Dirichlet series of Dirichlet product equals product of Dirichlet series

Statement

For formal Dirichlet series

Suppose $f$ and $g$ are arithmetic functions. Then, the Dirichlet series of the Dirichlet product $f*g$ equals the product of the Dirichlet series for $f$ and for $g$ .

In symbols:

$\sum _{n\in \mathbb {N} }{\frac {f(n)}{n^{s}}}\sum _{n\in \mathbb {N} }{\frac {g(n)}{n^{s}}}=\sum _{n\in \mathbb {N} }{\frac {(f*g)(n)}{n^{s}}}$ .

For functions

This identity holds for the functions corresponding to the Dirichlet series whenever these series are absolutely convergent, because the additive rearrangement needed is valid when the series are absolutely convergent.
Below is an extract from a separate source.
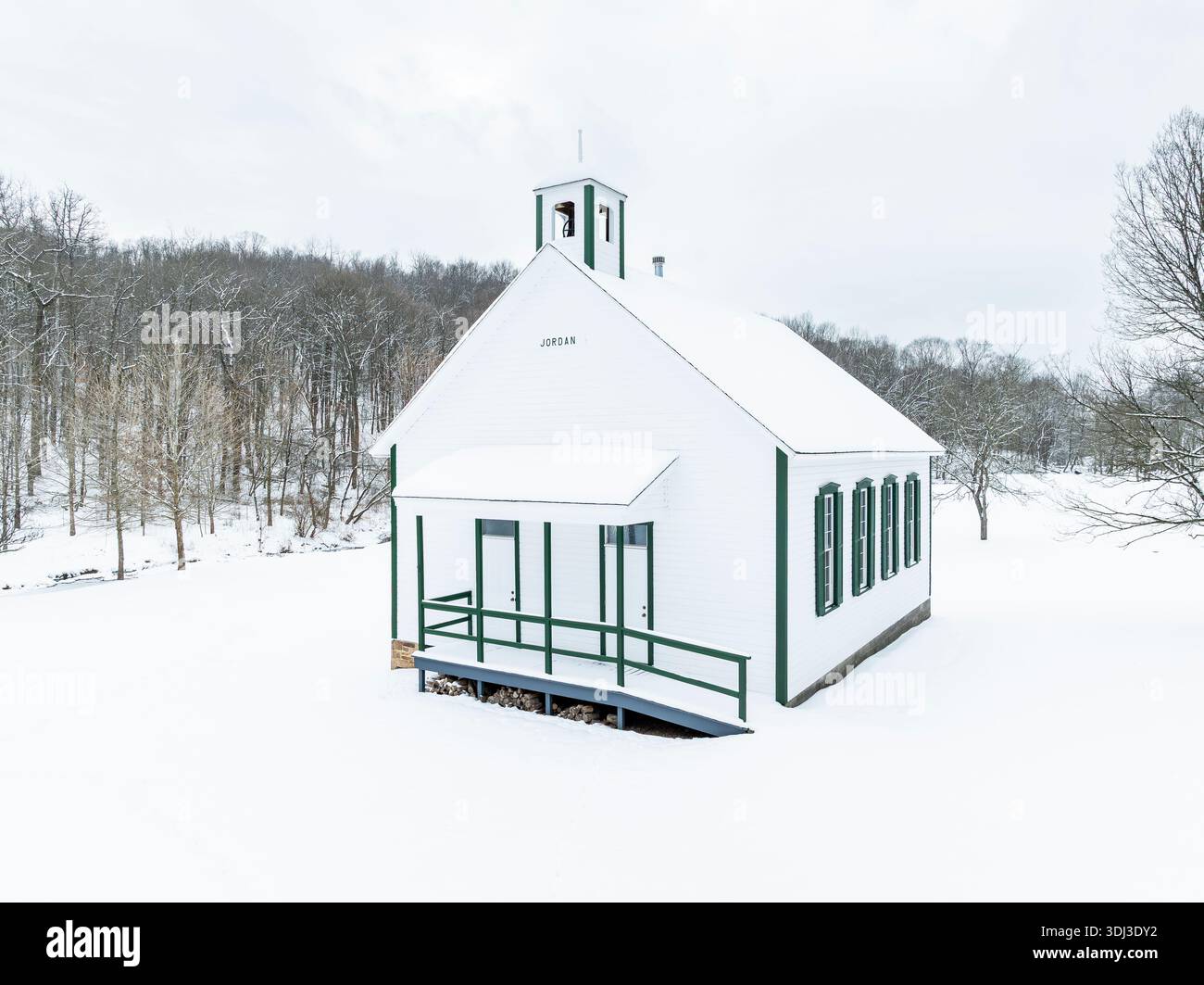 L'école Jordan historique d'une pièce est située dans le East Finley Township Park dans la Pennsylvanie rurale. Banque D'Images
Note that this also shows that if the Dirichlet series for $f$ and $g$ are absolutely convergent for some $s$ , the Dirichlet series for $f*g$ is also absolutely convergent for the same $s$ .
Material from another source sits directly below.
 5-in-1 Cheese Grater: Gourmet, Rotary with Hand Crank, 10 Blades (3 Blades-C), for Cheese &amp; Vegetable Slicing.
Finally, if we consider the analytic continuations of these Dirichlet series to the complex numbers, then the analytic continuation for the function corresponding to $f*g$ is the product of the analytic continuations for $f$ and for $g$ .

Related facts

Proof

We expand the right side:

$\sum _{n\in \mathbb {N} }{\frac {(f*g)(n)}{n^{s}}}=\sum _{n\in \mathbb {N} }\sum _{d_{1}d_{1}=n}{\frac {f(d_{1})}{d_{1}^{s}}}{\frac {g(d_{2})}{d_{2}^{s}}}$ .

Note that every ordered pair $(d_{1},d_{2})$ occurs for exactly one $n$ , namely $n=d_{1}d_{2}$ . Thus, the above sum can be rearranged as:

$\sum _{n\in \mathbb {N} }{\frac {(f*g)(n)}{n^{s}}}=\sum _{d_{1}\in \mathbb {N} }{\frac {f(d_{1})}{d_{1}^{s}}}\sum _{d_{2}\in \mathbb {N} }{\frac {g(d_{2})}{d_{2}^{s}}}$ .

Relabeling $d_{1}$ and $d_{2}$ , we get the identity we need to prove.